Physics-informed Polynomial Chaos Expansion with Enhanced Constrained Optimization Solver and D-optimal Sampling

TL;DR

This paper introduces enhancements to physics-informed polynomial chaos expansions (PC$^2$) by developing a more efficient constrained optimization solver and an optimal sampling strategy, improving accuracy and computational efficiency in high-dimensional uncertainty quantification.

Contribution

The study proposes a new solver (SULM) and a D-optimal sampling method to significantly improve PC$^2$ performance in complex, high-dimensional problems.

Findings

SULM reduces computational cost for high-dimensional problems.

D-optimal sampling improves model stability and accuracy.

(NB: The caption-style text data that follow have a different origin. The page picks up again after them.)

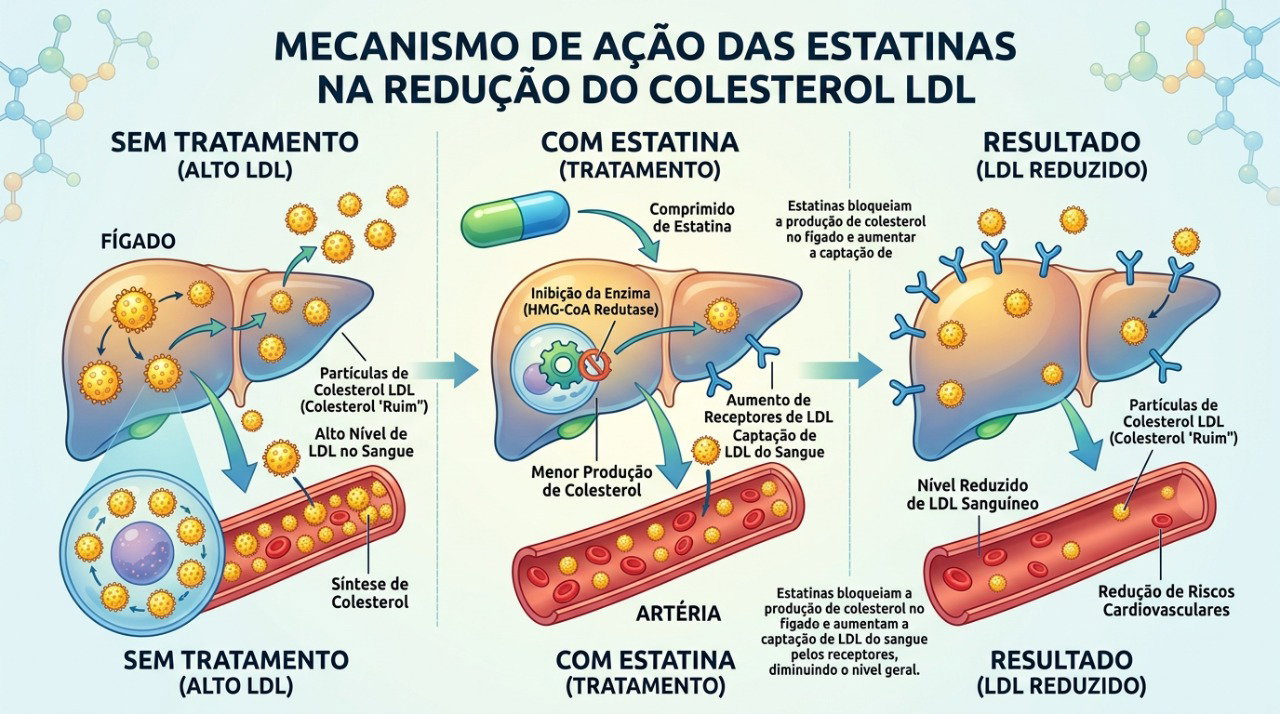 As estatinas ajudam a reduzir o colesterol LDL, e a suspensão pode fazer os níveis voltarem a subir.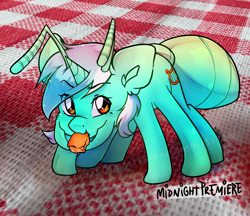 Size: 2000x1724 | Tagged: safe, artist:midnightpremiere, lyra heartstrings, ant, ant pony, bug pony, insect, original species, g4, cute, female, food, insectified, lyrabetes, lyrant, mare, signature, solo, species swap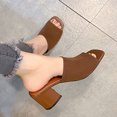 thumbnail image 4 of WLOELOEW Casual Brown Sandals For Women Square Toe Design Block Heel Mesh Material Foot Length 9.45 Inches Us Size 6.5, 4 of 9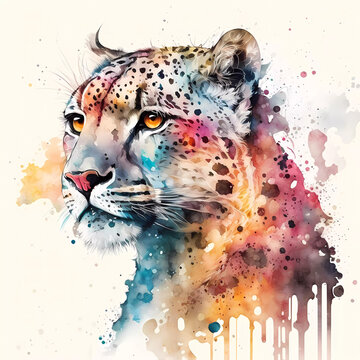 Watercolor snow leopard isolated on white background. Colorful animal illustration. Generative AI.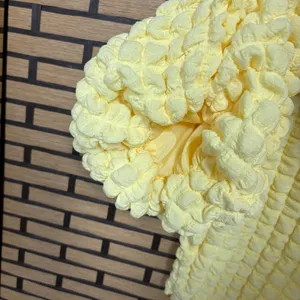 &merci‎ Pale Yellow Textured Bubble Sleeve Blouse Size Medium thumbnail 5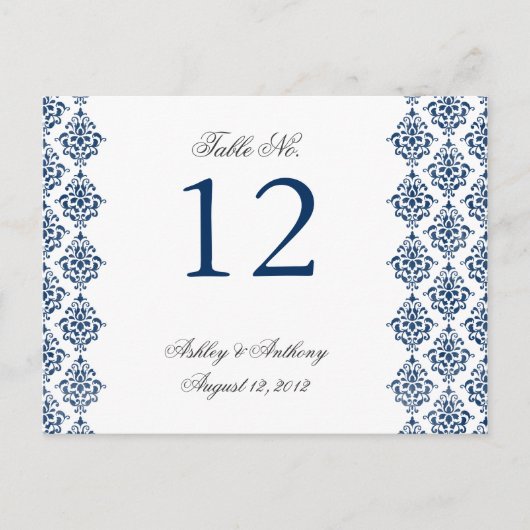 Navy Blue White Damask Arabesque Tafelnummer Kaart (Voorkant)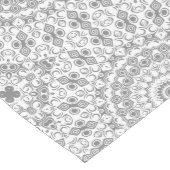 Gray Mandala Geometric Pattern Mittelgroßer Tischläufer (Ecke)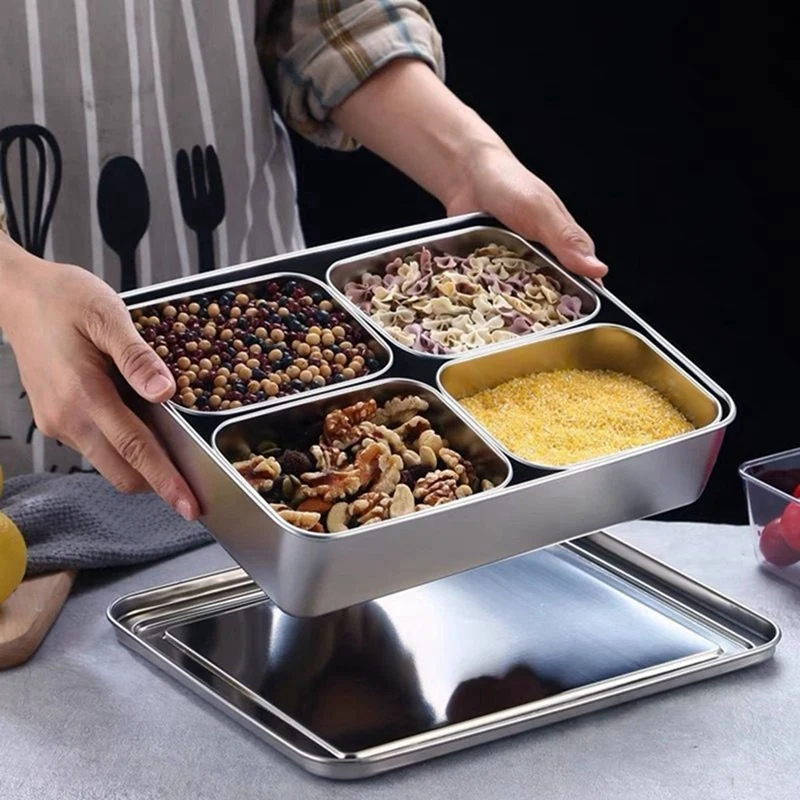 1 шт. 4 сетки коробка для приправ с крышкой прямоугольный органайзер домашних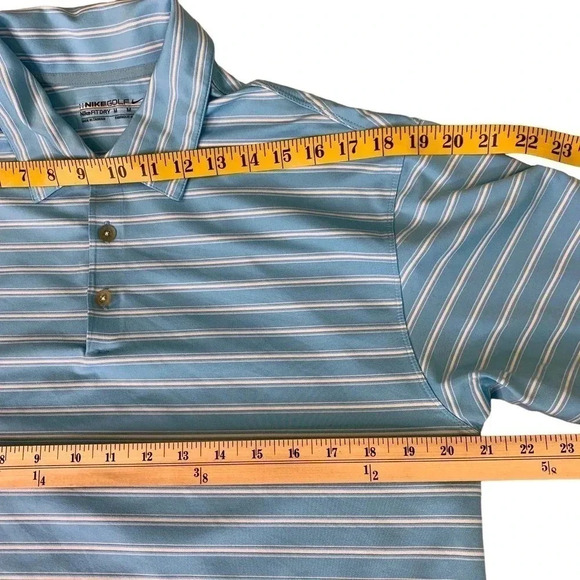 Nike Golf Fit Dry Men Size M Jersey Polo Golf Shirt Blue Stripes Short Sleeve - Picture 8 of 12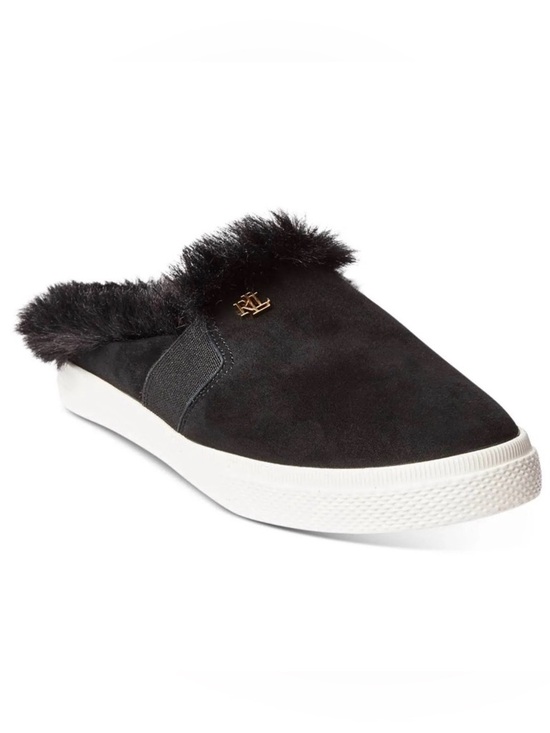 Lauren Ralph Lauren Shoes - NEW Lauren Ralph Lauren Size 6.5 Black Sheep Suede Jimmy Mule Sneaker w Faux Fur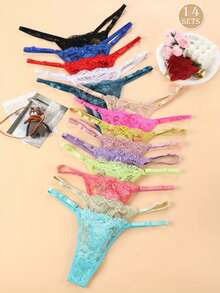 14pcs Women's Assorted Lace Thongs - Sexy Low Waist, Adjustable Straps, Floral Pattern With Bow Details, Breathable Nylon Blended Panties, Intimate Apparel | Floral Pattern Underwear | Nylon Blended Fabric - Multicolor - View 8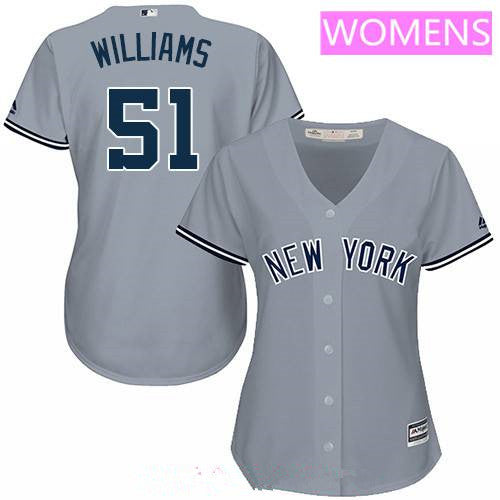 Womens New York Yankees 51 Bernie Williams Retired Gray Road Stitched Mlb Majestic Cool Base Jersey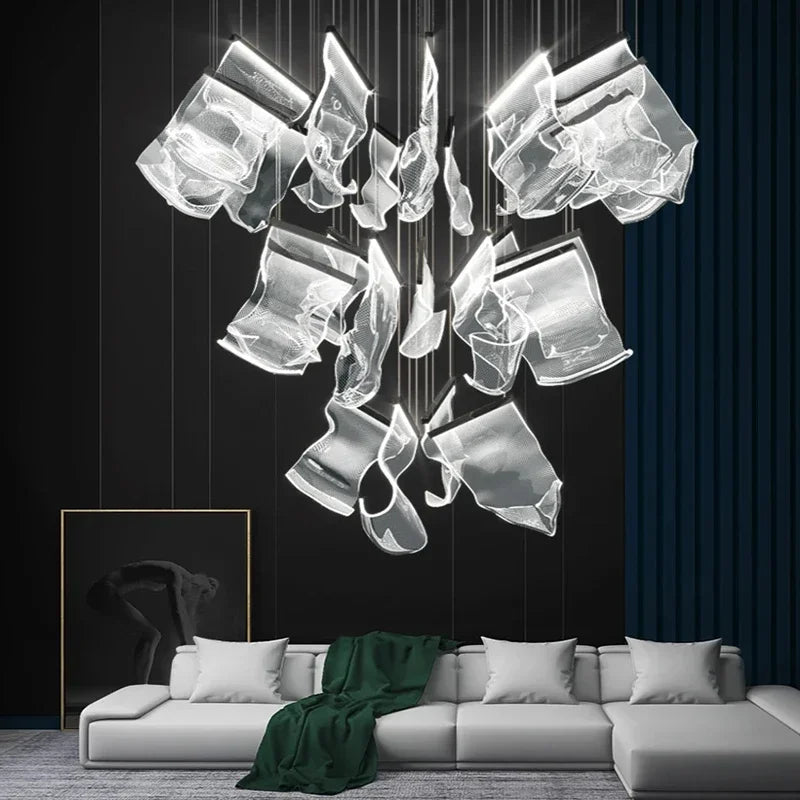 Modern MC THE BLACK DIAMOND LED chandelier hanging light for living and dining rooms, stylish decor for stairways and villas.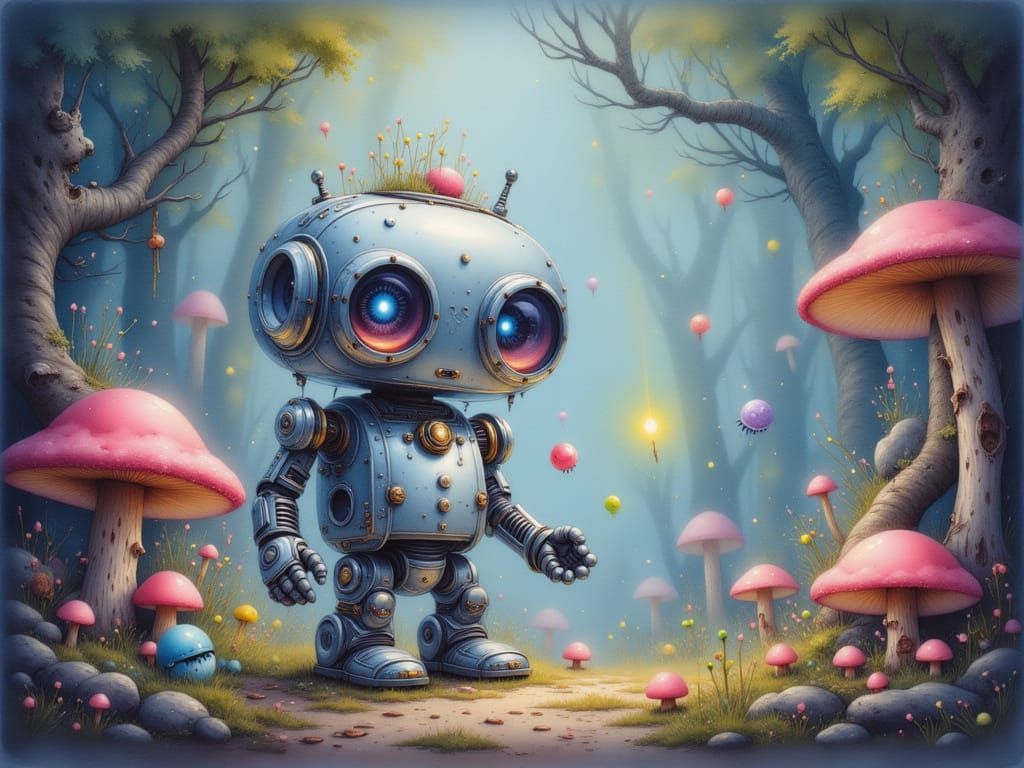 <lora:whimsical minions:1.0> Surrealism. A whimsical robot juggling glowing microbes in an enchanted forest clearing. The robot is made of p...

Enhanced PC$^2$ outperforms standard methods in numerical tests.

Abstract

Physics-informed polynomial chaos expansions (PC$^2$) provide an efficient physically constrained surrogate modeling framework by embedding governing equations and other physical constraints into the standard data-driven polynomial chaos expansions (PCE) and solving via the Karush-Kuhn-Tucker (KKT) conditions. This approach improves the physical interpretability of surrogate models while achieving high computational efficiency and accuracy. However, the performance and efficiency of PC$^2$ can still be degraded with high-dimensional parameter spaces, limited data availability, or unrepresentative training data. To address this problem, this study explores two complementary enhancements to the PC$^2$ framework. First, a numerically efficient constrained optimization solver, straightforward updating of Lagrange multipliers (SULM), is adopted as an alternative to the conventional KKT solver. The SULM method significantly reduces computational cost when solving physically constrained problems with high-dimensionality and derivative boundary conditions that require a large number of virtual points. Second, a D-optimal sampling strategy is utilized to select informative virtual points to improve the stability and achieve the balance of accuracy and efficiency of the PC$^2$. The proposed methods are integrated into the PC$^2$ framework and evaluated through numerical examples of representative physical systems governed by ordinary or partial differential equations. The results demonstrate that the enhanced PC$^2$ has better comprehensive capability than standard PC$^2$, and is well-suited for high-dimensional uncertainty quantification tasks.